Much works on high utility pattern mining have presented different approaches in the transactional data sets [13]. A two-phase algorithm to efficiently prune down the number of candidates, through transaction-weighted downward closure property was presented in [14]. UP-Growth proposed in [15] enhances the mining performance in utility mining through maintaining the information of high utility itemsets by UP-tree. There are just a very limited number of studies on high utility co-location pattern mining. A framework for mining high utility co-locations was proposed in [16]. Wang et al. [17] discussed a problem of incremental mining high utility co-locations on spatial databases which are constantly changed with added and disappeared data. Recently Wang et al. [3] presented a method of mining high utility co-locations from spatial data sets with instance-specific utilities.

1.2 Contribution

The main contributions of this paper are as follows.

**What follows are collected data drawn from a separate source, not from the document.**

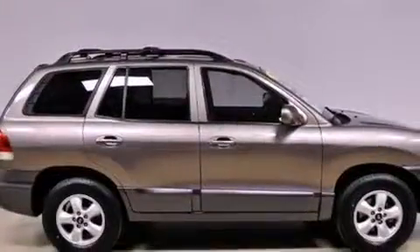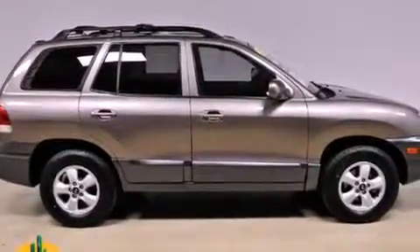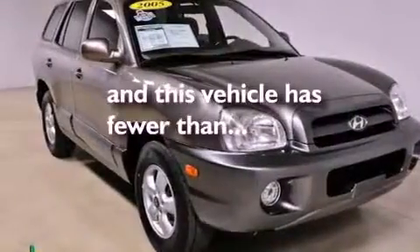Additional features include rear impact crumple zones, a split folding rear seat, and this vehicle has fewer than 67,000 miles on the odometer.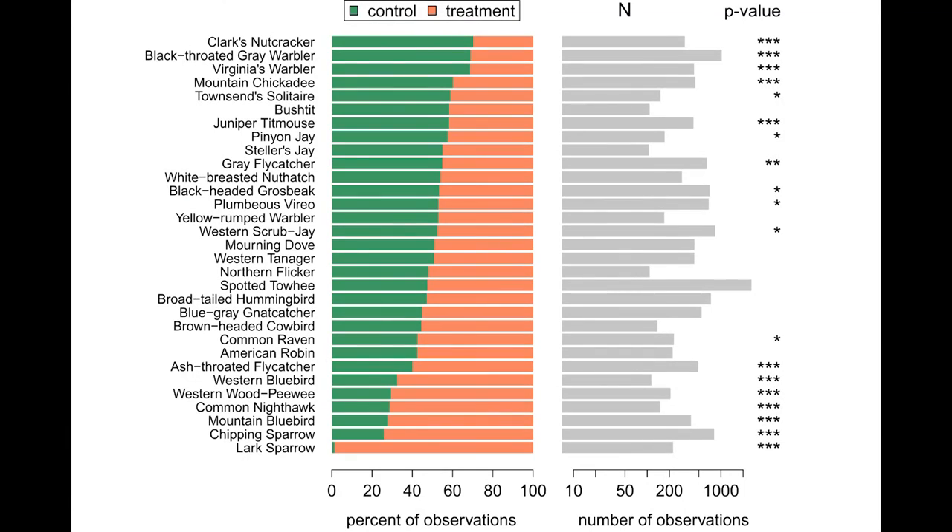Where treatments occurred, we found some negative effects for a lot of the PJ obligate species as well as forest obligate species. Birds like the Virginia's warbler, the juniper titmouse, and the pinyon jay were declining in those treatment areas. Other species like mountain chickadees, yellow-rumped warblers, and western tanagers were also declining in the treated forest.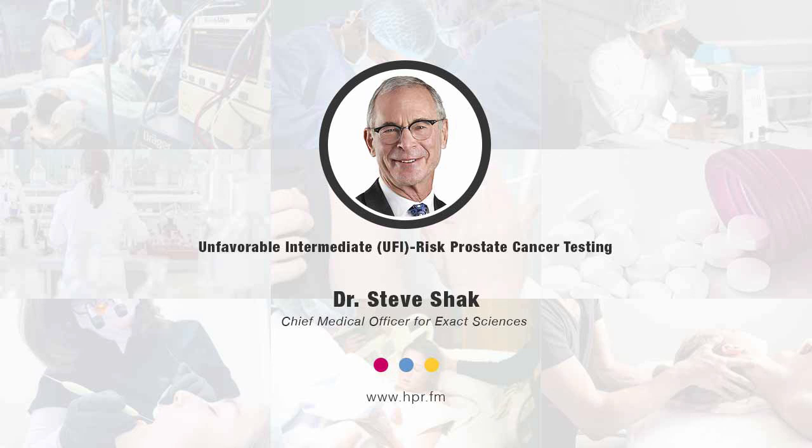Thank you. You've been listening to Health Professional Radio. I'm your host Neal Howard, in conversation with Dr. Steve Schack, Chief Medical Officer at Exact Sciences. Audio copies of this program are available at hpr.fm and healthprofessionalradio.com.au. You can also subscribe to the podcast on iTunes, download at SoundCloud, and be sure to subscribe to our YouTube channel at YouTube.com Health Professional Radio.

First, based on the importance of spatial regions, we propose a new measure called the utility participation index for high utility co-location pattern mining.

Second, we present a basic algorithm to discover high utility co-locations. In order to reduce the computational cost, an improved algorithm is given.

Finally, we evaluate our algorithms with experiments on both synthetic and real world data sets.

The remainder of this paper is organized as follows. Section 2 introduces basic concepts and definitions of high utility co-location pattern mining based on the importance of spatial regions. A basic algorithm and an improved algorithm with a pruning strategy are presented in Sect. 3. Experimental results are shown in Sect. 4. The last section is conclusions.

2 Basic Concepts and Problem Definition

2.1 Basic Concepts

A set of spatial features represents a collection of different kinds of items in space, as $ F = \left\{ {f_{1} ,f_{2} , \cdots ,f_{k} } \right\} $. An object with a specific spatial position is called a spatial instance, and a set of instances, as $ S = S_{1} \cup S_{1} \cup \ldots S_{k} $, in which $ S_{i} (1 \le i \le k) $ is an instance collection that corresponds to spatial feature. Each instance denoted by the feature type and a numeric id value e.g. B.1. If the Euclidean distance of two instances is not greater than the given threshold d, which means the two instances meet neighbor relationship R. A co-location pattern c is a set of spatial features, in which $ c \subseteq F $. The instance set I is a row instance of co-location pattern c, if (1) I contains all features of c, and no proper subset of I does so; (2) any two instances, i_i and i_j, $ i_{i} ,i_{j} \in I $, $ R(i_{i} ,i_{j} ) $, that is, i_i and i_j are neighbors. The set of all row instances of c is the table instance of c, denoted as T(c).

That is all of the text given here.